Animal welfare is responsible ownership of exotics. Animal rights is against ownership of exotics. I would not usually go on a rant like this, but I used to support animal rights too until I realized how they really are, and what horrible things they are capable of doing. I am very passionate about the proper care of exotics (not just hedgehogs) and I think they are a huge part of many people's lives, and are not suffering in captivity. I mean some wild caught animals do not deserve to be forced to convert to a indoor lifestyle, but that's again responsible ownership. When kept responsibly there's no problem. Animal rights apparently can't see that.

(this isn't directed at anyone in particular, I just wish some people knew what they were supporting)


----------



## Sela (Apr 10, 2010)

I've read all about PETA's BS and I absolutely can't support them. In fact, I wish someone would shut them down. As far as I can tell, they've never done anything to actually HELP animals. Hypocrisy is one of my biggest pet peeves (if you'll pardon the pun) and that organization is BUILT on hypocrisy. I'll give my money and time to the SPCA, thank you very much.


----------



## Hedgieonboard (Nov 15, 2009)

I won't get into a debate on using the terms animal rights or animal welfare. I don't see how using the words I believe in animal rights jumps to other extremist groups and their agenda.
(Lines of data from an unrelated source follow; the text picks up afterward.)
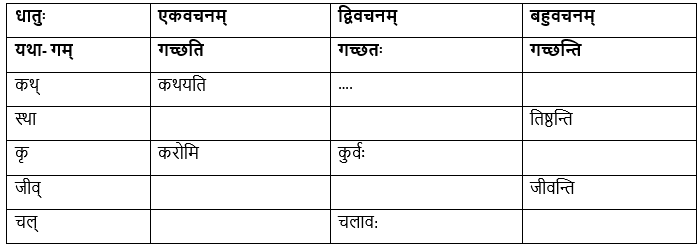 बुद्धि: सर्वार्थसाधिका NCERT Solutions | Sanskrit for class 6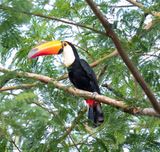 Toco Toucan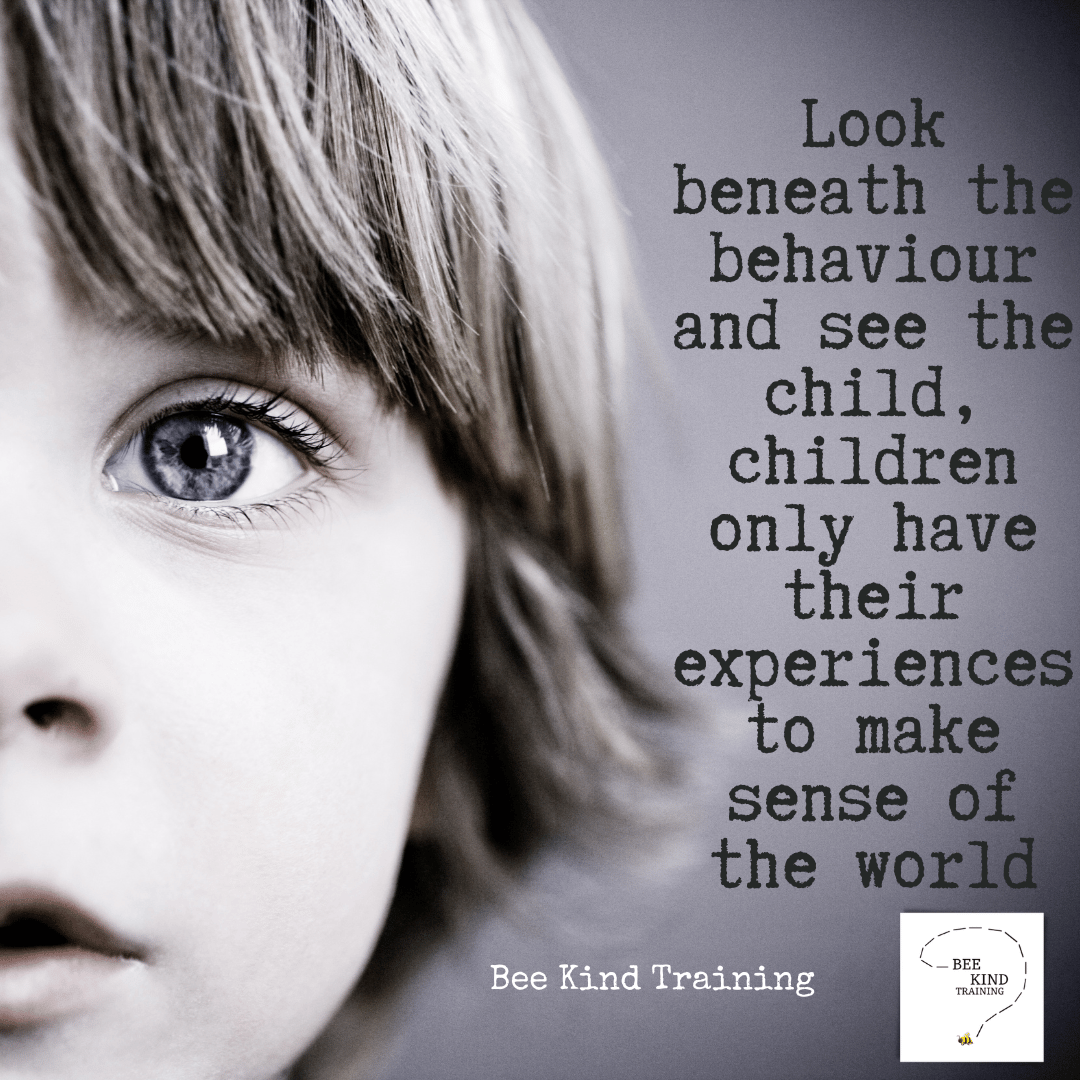 Why does Trauma Informed Practice matter?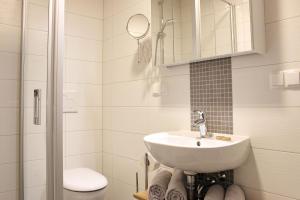 a bathroom with a sink and a toilet and a shower at Hopkas Remise in Lehde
I read the Humane Society article and don't see at all where it is saying non domesticated animals have no place in our homes. What I got out of it is they are trying to discourage every person that might think its a cool idea to think twice and warning against the dangers that some animals may have on the ecosytem. This is a very real problem. Im in Louisiana and one of the biggest things I can think of that makes this true is people who weren't ready to take care of a snake after it gets huge and decides to release it into the wild where it thrives and starts killing off our native animals and posing dangers to people.

The debate seems to be heavily tied with PETA but Im not sure why this is as they are an extremist group not an authority. If I seen an animal treated poorly and turned it in, it would be the ASPCA or local humane society, not PETA that would be awarded custody by a judge. PETA has extremist views in my opinion and many others' opinions but they are not an authority here and have no power outside of the propaganda they release. I would not base a decision to turn in a place for a raid based on PETA's antics because they would not be awarded their custody.

Even in the ASPCA or Humane Society was to have secret motives on exotic pet ownership it does not make it the law. I won't ever turn my back on an animal in need based on "what ifs" or hypotheticals.



> I don't think a raid would ever be a good idea. Usually it is animal rights groups who go and do things like that, and end up releasing a bunch of animals into the wild where they can go die a cold miserable death or be eaten by something else. To think that hedgie people (or anyone who supports keeping animals) might be associated with something like that wouldn't look too great, IMO.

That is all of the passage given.